One special aspect of RPI_EFI.fd is that the 1st 128K is bl31.bin binary from ATF. I guess this is due to the special booting connfiguration methods for RPi. For my platform, I don't need such kind of packaging, I only need to build the UEFI image MY.fd, which is treated as BL33 image and packaged into fip.bin togehter with BL2 and BL31 images by ATF build script.
Another aspect to notice is the "reset vector" in the begining of the .fd file. This related to the entry point of UEFI image (and entry point of each EDK2 modules), as well as interpreting the BL instruction for AArch64. Basically, it can be summarized as below:
The first [Components] in RPI_EFI.fd is ArmPlatformPkg/PrePi/PeiUniCore.inf, which is of MODULE_TYPE = SEC.
What's this component: this is the first (and only) SEC (Security) module in RPi4. What the name PrePi and Pei implies?
... the PI spec is not tied to edk2 PEIMs, and I don't see where EDKII PEI modules are currently the only "acknowledged" silicon init environment. The edk2 tree itself seems to contain platforms that don't use the edk2 PEI module set at all, but (IIRC) jump from SEC to DXE. I believe "ArmPlatformPkg/PrePi" and "ArmVirtPkg/PrePi" are related to this.
--- https://listman.redhat.com/archives/edk2-devel-archive/2020-November/msg00021.html
Its entry point: all UEFI components have the same entry point (_ModuleEntryPoint).
By "component", it means either a UEFI driver and UEFI app, both are PE32 executables, usually with suffix .efi.
The .efis are converted from ELF executables (.dll) by GenFw tool: modifying the file headers.
To verify that "all components' entry point is _ModuleEntryPoint":
Check the .dll generating command line in build report (build -y <BUILD_REPORT_FILE>), we have two flags "aarch64-none-linux-gnu-gcc" -o xxx.dll -u _ModuleEntryPoint -Wl,-e,_ModuleEntryPoint ...:
-u: gcc --help -v|grep "undefined SYMBOL" gives -u SYMBOL --undefined SYMBOL: star with undefined reference to SYMBOL.
Wl,-e: ld --help|grep "entry" gives -e ADDRESS, --entry ADDRESS Set start address.
Check all .dll files that Entry point address == _ModuleEntryPoint: find . -type f -name "*.dll" -exec sh -c "readelf -a {} |grep -E 'Entry point address|_ModuleEntryPoint'" \;
Its entry point is the entry point of whole UEFI FD image (i.e., from bl33_base_addr jump to this _ModuleEntryPoint):
Topology of the UEFI Firmware File
A UEFI Firmware File (actually a UEFI Firmware Device - FD file) is a collection of UEFI binaries encapsulated into a single image.

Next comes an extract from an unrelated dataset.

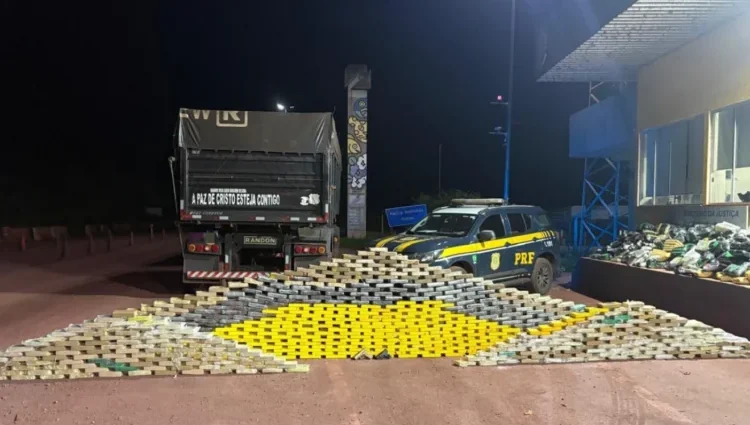 Apreensão de drogas na BR-262 soma mais de 1,1 tonelada em MS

The format of this image is defined by the Platform Initialization Specification Volume 3. A Vector Table is located at the base of this file. A 'BL' branch instruction at the base of the firwmare (location of the Reset Entry into the Vector Table) will jump to the first 'SEC' module of the UEFI Firmware Image.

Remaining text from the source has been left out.